Start of Records for this exercise
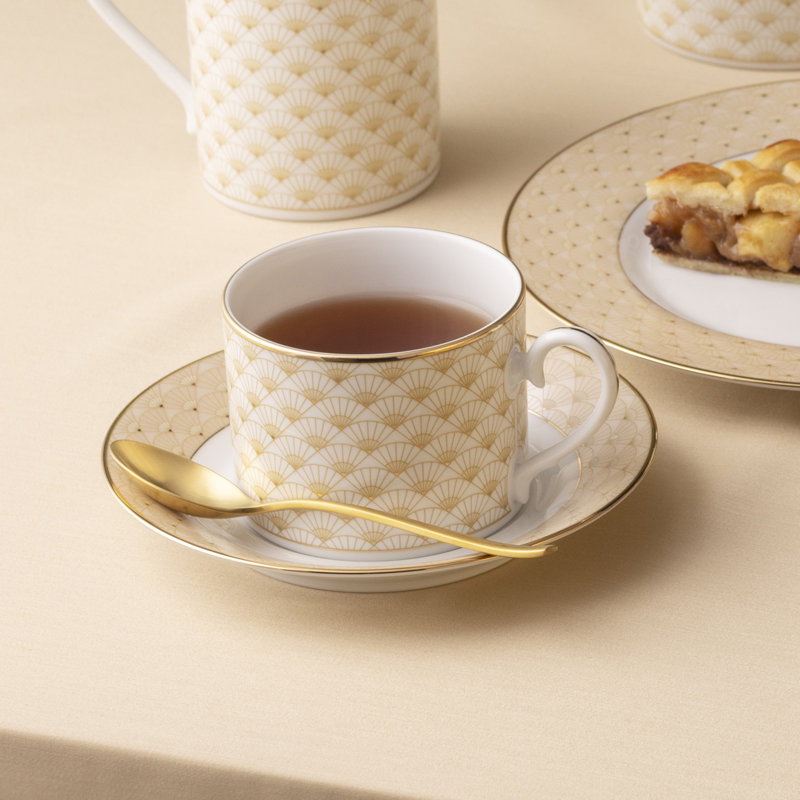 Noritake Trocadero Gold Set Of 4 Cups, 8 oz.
End of Records for this exercise
Start of Records for this exercise
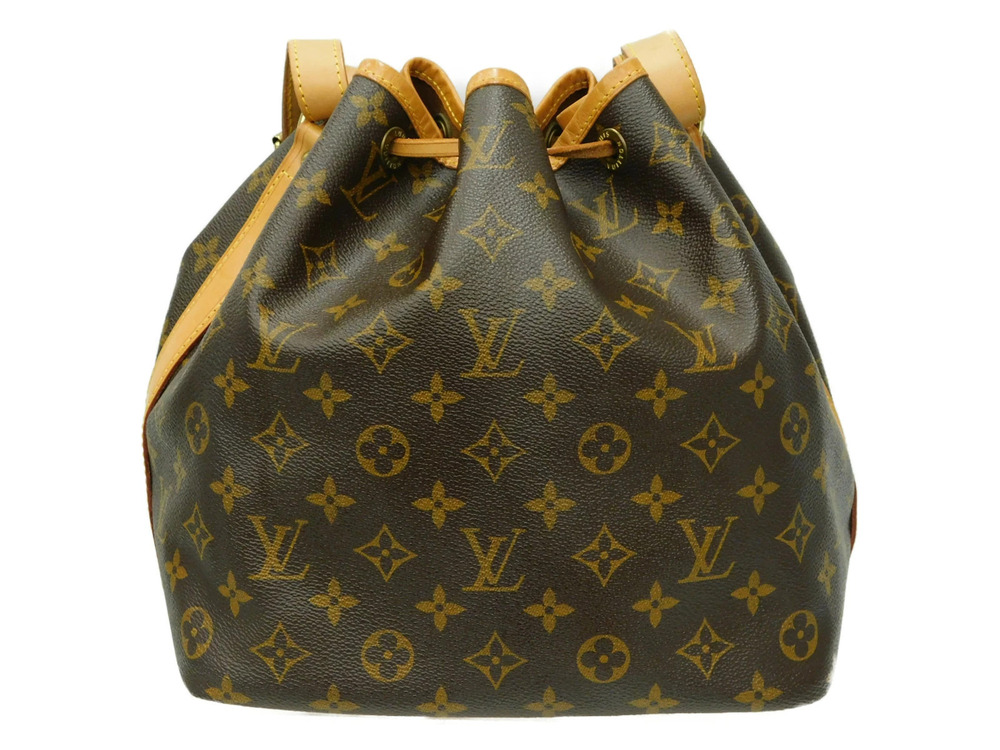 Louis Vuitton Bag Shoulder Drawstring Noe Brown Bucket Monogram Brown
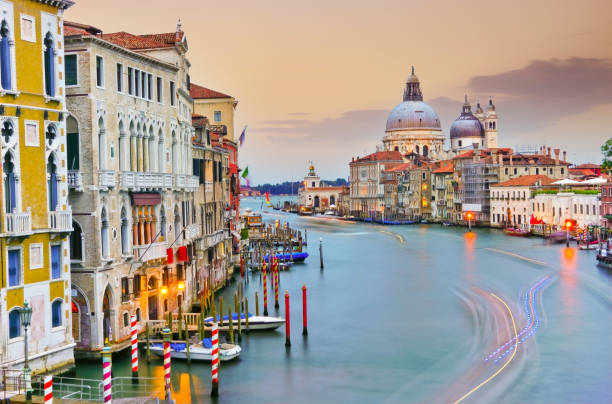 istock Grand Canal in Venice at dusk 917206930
End of Records for this exercise
Your goal:
What you write must match the listing exactly, from the line with "Louis Vuitton Bag" up to and including the line with "istock Grand Canal". Pictures stay out.

Response:
 Louis Vuitton Bag Shoulder Drawstring Noe Brown Bucket Monogram Brown
 istock Grand Canal in Venice at dusk 917206930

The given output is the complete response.